#### [PROBLEM]
All that is needed is the lines from the one containing "HYPNO CASA - Diffusore" through the end of the listing, printed exactly, with no pictures among them.

-- DATA SUPPLIED follows --

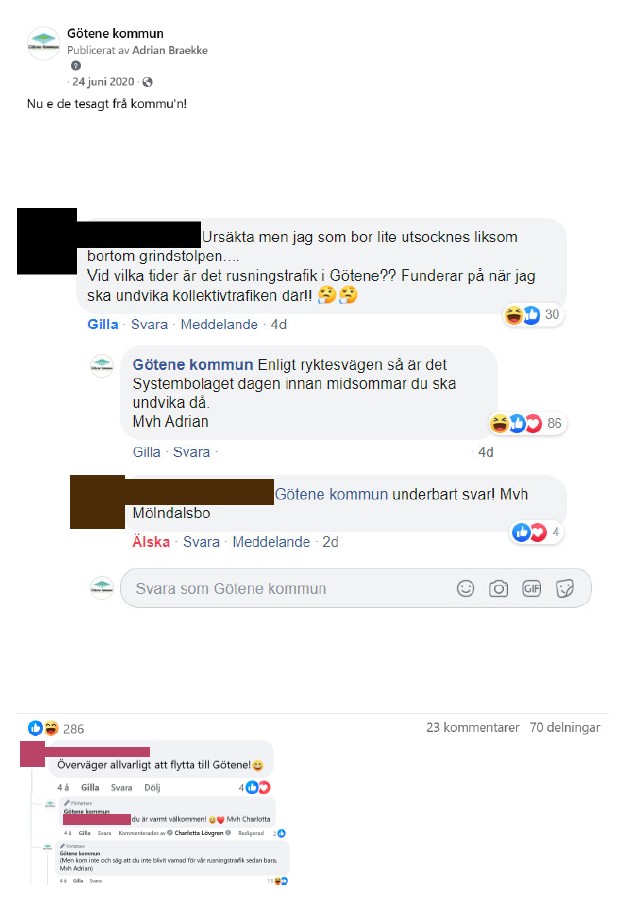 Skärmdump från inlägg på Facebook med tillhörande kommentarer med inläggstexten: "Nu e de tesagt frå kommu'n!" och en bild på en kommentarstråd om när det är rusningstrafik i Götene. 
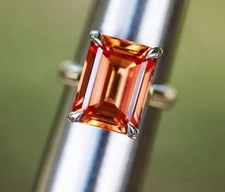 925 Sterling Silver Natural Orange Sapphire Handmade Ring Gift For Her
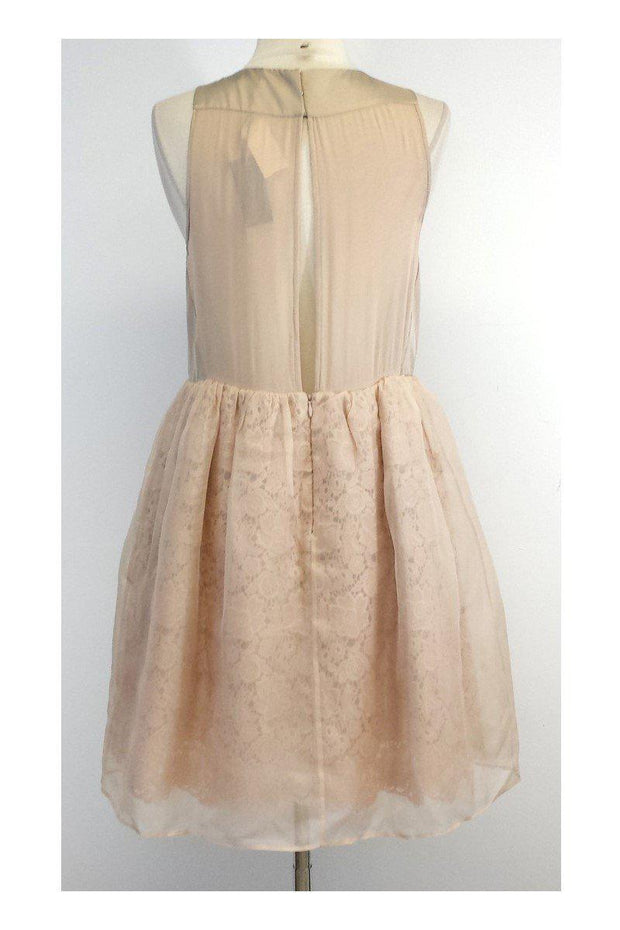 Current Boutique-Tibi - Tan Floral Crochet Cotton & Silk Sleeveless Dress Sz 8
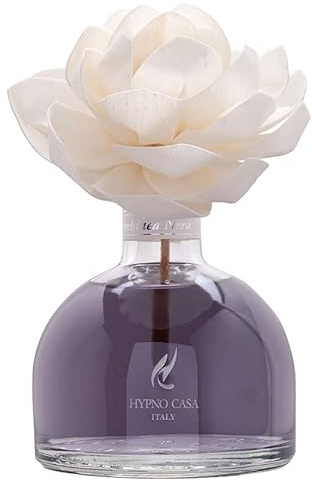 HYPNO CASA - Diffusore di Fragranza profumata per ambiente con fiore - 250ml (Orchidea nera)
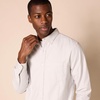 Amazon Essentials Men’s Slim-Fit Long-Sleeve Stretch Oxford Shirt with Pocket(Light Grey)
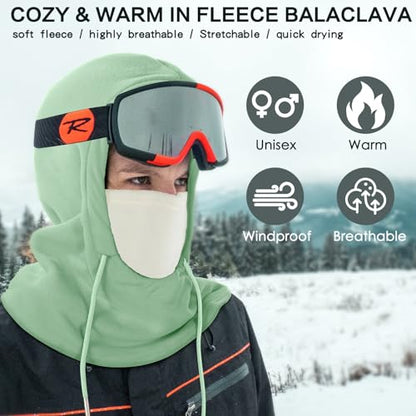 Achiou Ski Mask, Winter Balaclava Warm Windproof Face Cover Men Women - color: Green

-- DATA SUPPLIED concluded --

#### [SOLUTION TO THIS PROBLEM]
 HYPNO CASA - Diffusore di Fragranza profumata per ambiente con fiore - 250ml (Orchidea nera)
 Amazon Essentials Men’s Slim-Fit Long-Sleeve Stretch Oxford Shirt with Pocket(Light Grey)
 Achiou Ski Mask, Winter Balaclava Warm Windproof Face Cover Men Women - color: Green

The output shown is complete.